In the valley of shadow

Published February 27, 2019
The writer is an attorney teaching constitutional law and political philosophy.
The writer is an attorney teaching constitutional law and political philosophy.

SHE was 15 years old when she fled. Shamima Begum was a schoolgirl at the Bethnal Green Academy when she fled England to join the militant Islamic State group. She wanted to work for their cause and saw the life of a militant’s wife in the service of the IS as superior to her ordinary life as the child of Bangladeshi immigrants to the United Kingdom. Recently, just as the last of the IS fighters were being rounded up, she surfaced again. Now 19, Shamima Begum said she wanted nothing more than to return to the United Kingdom. Soon her family too was making appeals to the public; even if her return could not be immediately achieved, they wanted to be able to bring her son to the UK where he could receive better care than at the refugee camp where Shamima Begum now lives.

Return, however, is more complicated than that. Despite the fact that Shamima Begum is a British citizen who should be repatriated to Britain, there were hesitations. Ironically, the man giving voice to them was of immigrant descent.
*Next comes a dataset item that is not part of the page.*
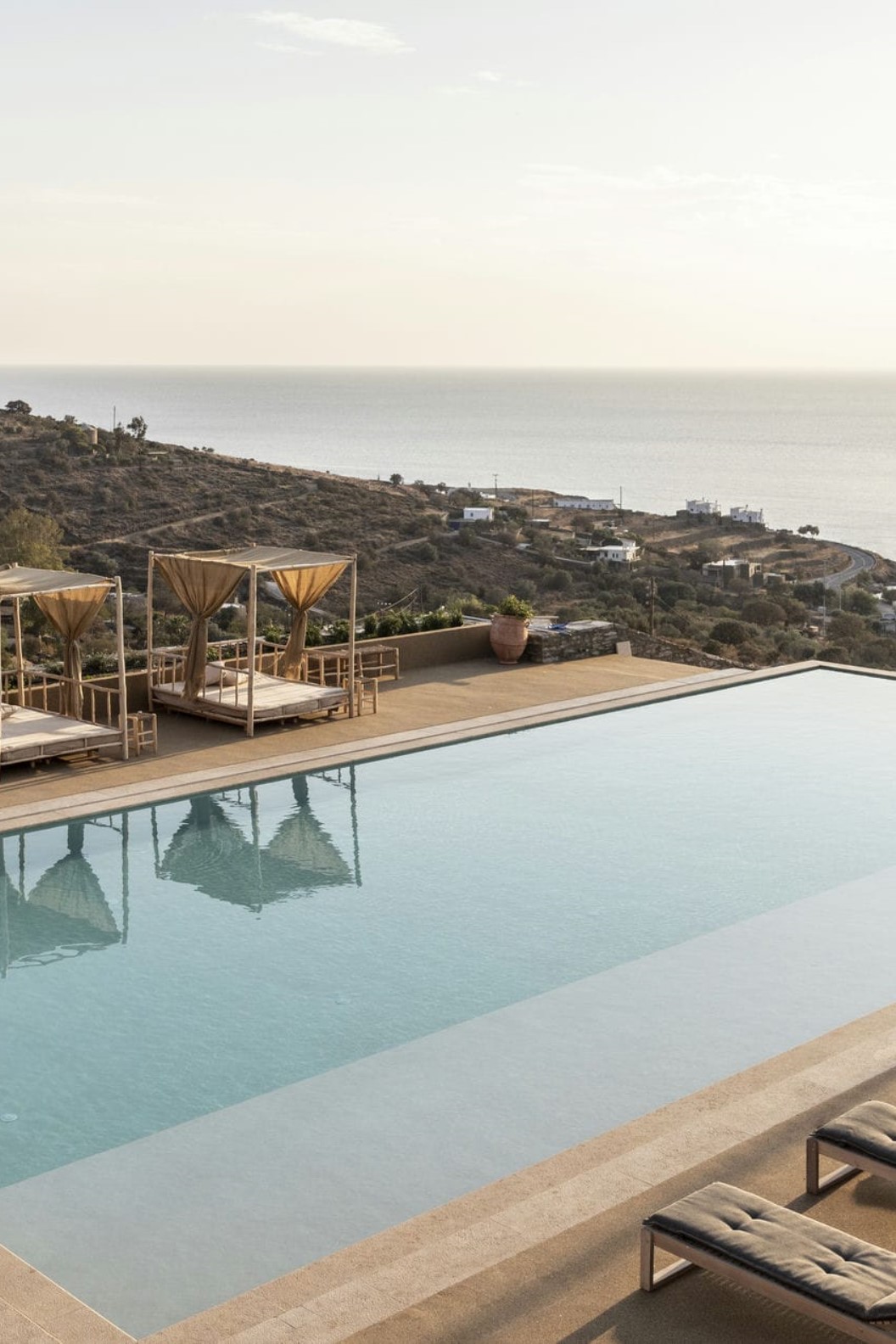 Villa Naos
In the days after Shamima Begum’s story emerged, British Home Secretary Sajid Javid declared that Britain would not take Shamima Begum back. The fact that she was of Bangladeshi descent, he argued, made her eligible for Bangladeshi citizenship. In doing so, Mr Javid was making the argument that Shamima Begum would not be left stateless were she to be shorn of British citizenship. A woman who fled to join the IS and was married to a militant, the mother to his child, could not be let back into the country.

The issue of the women who were married to IS fighters is bigger than Shamima Begum. According to news reports there are more than 800 people in refugee camps who were somehow connected to the group and have citizenship of Western nations. International law requires these countries to claim these people and not leave them stateless by taking away their citizenship. Just like Javid, many of these countries are likely to point to other nations to which they may be connected as alternative venues of citizenship. The fact that they, like Shamima Begum, may have tenuous or fragile connections to these places of descent does not seem to matter in the process of disowning these women.
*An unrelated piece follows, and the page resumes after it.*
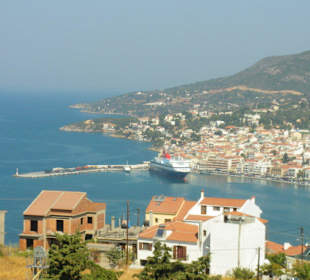 Blick auf Samos-Stadt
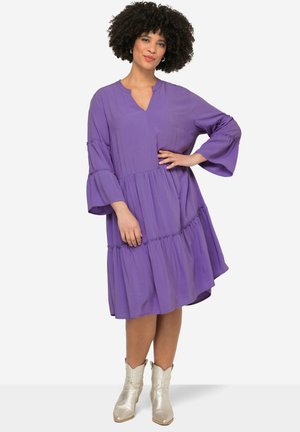 A-LINIE-AUSSCHNITT 3/4-ÄRMEL - Freizeitkleid - purple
According to the UK, then, Shamima Begum is Bangladesh’s problem. While not implicated in this particular case, Pakistan too may soon find itself in a situation where it has to accept disowned citizens of this or that Western country who have been associated with the IS. Pakistani citizenship laws, like those of Bangladesh, do provide citizenship by descent and IS members who migrated to Syria were often from these communities. What indeed should Pakistan or Bangladesh do in a situation where they are being saddled with former terrorists or their wives and children because Western nations want to maintain that they are no longer eligible for citizenship?

Pakistan may soon find itself in a situation where it has to accept disowned citizens of this or that Western country.

There are people in the United Kingdom who are on the side of bringing Shamima Begum back. In the wake of the controversy some commentators argued that Shamima Begum was a child who had been groomed and indoctrinated in the UK. She was, in this sense, a home-grown terrorist who had been beguiled to migrate to Syria, all while in the UK. According to UK law she was 15, a minor, when she left. If she were being tried for a crime that had been committed in the UK, her age would have been a mitigating factor. Then there is the pedigree of Sajid Javid, the home secretary and opponent-in-chief of her return. Some alluded to the fact that he was coming down hard on Shamima Begum’s case because he wanted to burnish his anti-terror credentials with conservatives in the UK.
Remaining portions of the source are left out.